### Exercise brief
Output each line of the listing exactly, though pictures are not to appear.

** Material provided follows **

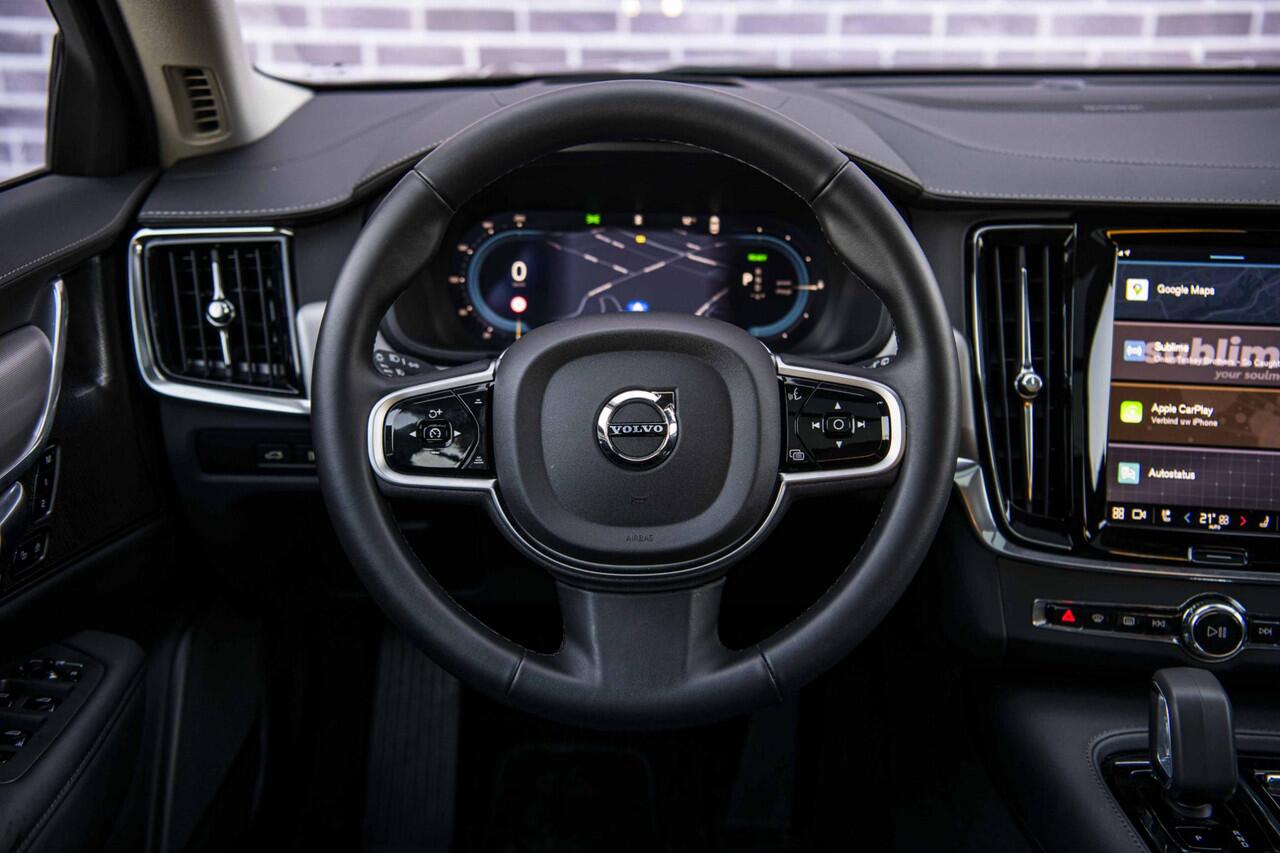 Volvo V90 2.0 T8 Plug-in hybrid AWD Ultra Dark | Trekhaak | Panoramadak | 360 Camera | Gelaagd Glas | Stoel en Stuurverwarming | Head Up Display | Leder Dashboard |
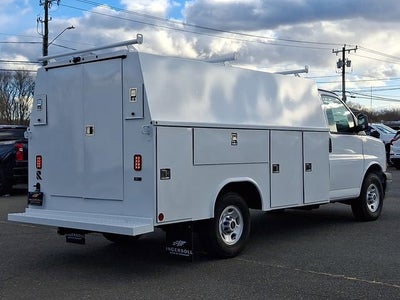 2025 GMC Savana Cutaway 3500 1WT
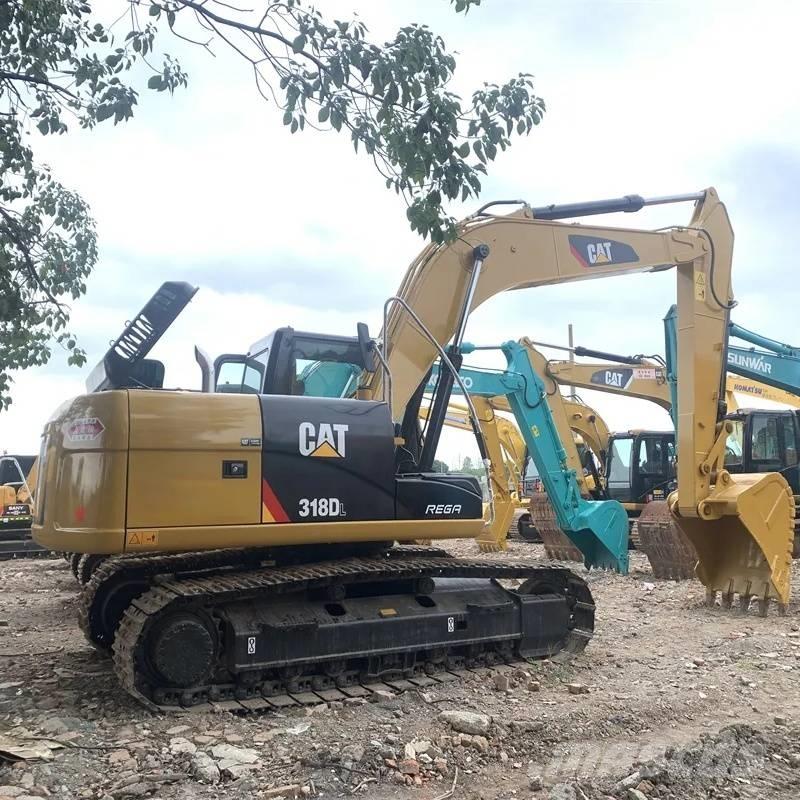 CAT 318 D Excavatoare pe șenile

** End of Material provided **

### Solved exercise
 Volvo V90 2.0 T8 Plug-in hybrid AWD Ultra Dark | Trekhaak | Panoramadak | 360 Camera | Gelaagd Glas | Stoel en Stuurverwarming | Head Up Display | Leder Dashboard |
 2025 GMC Savana Cutaway 3500 1WT
 CAT 318 D Excavatoare pe șenile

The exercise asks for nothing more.